Véronique Montémont

Journaux de femmes sous l’Occupation

Philippe Lejeune, qui s’intéresse de longue date aux journaux personnels, notamment féminins, a entrepris de dresser une liste de journaux de femmes tenus sous l’Occupation, laquelle liste a été présentée pour la première fois en 2009 lors d’un colloque à Besançon. Ce premier inventaire, complété depuis (www.autopacte.org), a permis au chercheur de répertorier quelque quatre-vingt dix textes, publiés ou déposés à l’Association pour l’Autobiographie. Ph. Lejeune avait en effet été frappé par le fait que l’anthologie publiée par Guillaume Piketty (Français en Résistance, Paris, Robert Laffont, Bouquins, 2009) « se décline presque entièrement au masculin ».

Les journaux, et particulièrement ceux de guerre, ont un statut tout à fait particulier, entre littérature et écriture ordinaire, œuvre et pratique sociologique. Certains textes, comme celui de Denise Domenach (Demain il fera beau, Permezel, 2001) ou de Liliane Schroeder (Journal d’occupation. Paris, 1940-1944, François-Xavier de Guibert, 2000), sont des témoignages pris sur le vif, publiés vingt, quarante ou cinquante ans après, sous la pression amicale des amis, de la famille ou de cercles historiques, qui revendiquent une absolue fidélité à l’original. D’autres, comme le Journal à quatre mains (Denoël, 1962), de Benoîte et Flora Groult, ont été publiés sous une forme littérarisée, voire romance, ou encore ont été peu ou prou récrits, voire amendés par un tiers éditeur, tel le journal de Micheline Bood, Les Années doubles (Robert Laffont, 1974). D’autres enfin n’ont pu voir le jour qu’à titre posthume, comme le remarquable Journal d’Hélène Berr (Tallandier, 2008). Cet exposé présentera donc les trois vagues de publication successives de ces textes tout en détaillant la genèse éditoriale de certains d’entre eux, notamment grâce à l’examen de leurs paratextes.

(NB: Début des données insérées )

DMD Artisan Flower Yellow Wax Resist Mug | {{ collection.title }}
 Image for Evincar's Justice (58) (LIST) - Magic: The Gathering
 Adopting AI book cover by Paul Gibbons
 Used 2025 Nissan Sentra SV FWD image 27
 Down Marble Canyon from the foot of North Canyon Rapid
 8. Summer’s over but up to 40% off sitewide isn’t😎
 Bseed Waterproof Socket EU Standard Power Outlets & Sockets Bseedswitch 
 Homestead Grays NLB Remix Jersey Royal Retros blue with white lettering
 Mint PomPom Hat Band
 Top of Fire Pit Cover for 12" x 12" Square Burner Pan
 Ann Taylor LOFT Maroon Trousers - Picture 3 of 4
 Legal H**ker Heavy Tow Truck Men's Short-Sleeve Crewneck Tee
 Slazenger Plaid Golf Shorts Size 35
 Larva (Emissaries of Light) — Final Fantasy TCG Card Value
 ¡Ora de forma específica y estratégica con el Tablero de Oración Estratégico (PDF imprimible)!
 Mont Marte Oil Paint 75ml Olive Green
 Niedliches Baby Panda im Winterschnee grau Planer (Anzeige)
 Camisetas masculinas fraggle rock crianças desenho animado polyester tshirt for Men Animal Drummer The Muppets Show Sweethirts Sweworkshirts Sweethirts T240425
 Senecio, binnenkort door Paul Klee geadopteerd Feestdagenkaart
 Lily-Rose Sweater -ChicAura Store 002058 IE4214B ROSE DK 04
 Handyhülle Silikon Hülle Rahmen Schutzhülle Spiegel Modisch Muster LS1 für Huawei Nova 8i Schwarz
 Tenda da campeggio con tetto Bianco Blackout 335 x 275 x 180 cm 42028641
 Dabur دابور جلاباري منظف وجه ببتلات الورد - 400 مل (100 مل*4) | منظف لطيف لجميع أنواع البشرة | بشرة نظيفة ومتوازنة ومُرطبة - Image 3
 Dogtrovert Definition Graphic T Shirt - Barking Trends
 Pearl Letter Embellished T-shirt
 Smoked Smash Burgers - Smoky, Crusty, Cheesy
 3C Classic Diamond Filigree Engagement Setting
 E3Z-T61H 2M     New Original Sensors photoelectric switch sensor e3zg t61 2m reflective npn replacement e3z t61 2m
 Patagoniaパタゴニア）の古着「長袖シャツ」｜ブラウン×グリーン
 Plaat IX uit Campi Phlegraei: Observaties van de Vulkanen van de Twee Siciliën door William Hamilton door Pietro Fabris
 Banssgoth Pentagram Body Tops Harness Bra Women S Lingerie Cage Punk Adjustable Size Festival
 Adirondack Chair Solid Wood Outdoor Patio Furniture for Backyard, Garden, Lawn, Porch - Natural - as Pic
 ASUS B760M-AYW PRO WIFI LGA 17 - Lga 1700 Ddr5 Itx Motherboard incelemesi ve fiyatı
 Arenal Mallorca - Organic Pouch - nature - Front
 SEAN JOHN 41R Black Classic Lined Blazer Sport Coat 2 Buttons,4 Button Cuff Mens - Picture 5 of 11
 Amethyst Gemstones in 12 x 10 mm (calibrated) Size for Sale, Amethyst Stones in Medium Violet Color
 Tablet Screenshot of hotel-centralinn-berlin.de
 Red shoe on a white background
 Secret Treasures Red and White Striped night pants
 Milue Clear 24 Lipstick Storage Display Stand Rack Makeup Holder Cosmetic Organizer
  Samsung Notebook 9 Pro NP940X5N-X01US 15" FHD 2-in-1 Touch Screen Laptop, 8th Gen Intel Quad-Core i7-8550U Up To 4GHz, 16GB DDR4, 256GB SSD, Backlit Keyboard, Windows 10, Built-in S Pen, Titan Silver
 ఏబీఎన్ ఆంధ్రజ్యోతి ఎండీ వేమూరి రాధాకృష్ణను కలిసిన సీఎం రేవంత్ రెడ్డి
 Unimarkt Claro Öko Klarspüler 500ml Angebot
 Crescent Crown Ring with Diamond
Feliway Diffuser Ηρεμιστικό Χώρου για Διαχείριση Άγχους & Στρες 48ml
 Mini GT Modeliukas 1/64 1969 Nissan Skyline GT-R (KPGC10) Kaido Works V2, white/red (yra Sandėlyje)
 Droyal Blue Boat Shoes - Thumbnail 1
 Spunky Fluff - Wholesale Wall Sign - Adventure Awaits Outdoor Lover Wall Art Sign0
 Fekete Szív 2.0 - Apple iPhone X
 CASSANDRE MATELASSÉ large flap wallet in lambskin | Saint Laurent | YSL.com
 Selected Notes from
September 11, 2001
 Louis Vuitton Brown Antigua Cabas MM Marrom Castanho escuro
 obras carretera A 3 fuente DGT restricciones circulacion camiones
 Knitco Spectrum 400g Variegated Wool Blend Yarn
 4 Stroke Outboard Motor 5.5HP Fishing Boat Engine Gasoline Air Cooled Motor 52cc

Véronique Montémont est maître de conférences à l’université de Lorraine et ancien membre junior de l’Institut Universitaire de France. Spécialiste des écrits autobiographiques, elle est membre du comité de rédaction de la revue La Faute à Rousseau. Elle dirige également la base de données Frantext (ATILF, Nancy) et a co-animé, avec Sylvie Lannegrand, un programme Ulysses consacré aux visages du conflit dans le journal personnel. Elle a codirigé avec Catherine Viollet Le moi et ses modèles (Academia-Brylant, 2009) et Archives familiales : modes d’emploi (Academia-L’Harmattan, 2011).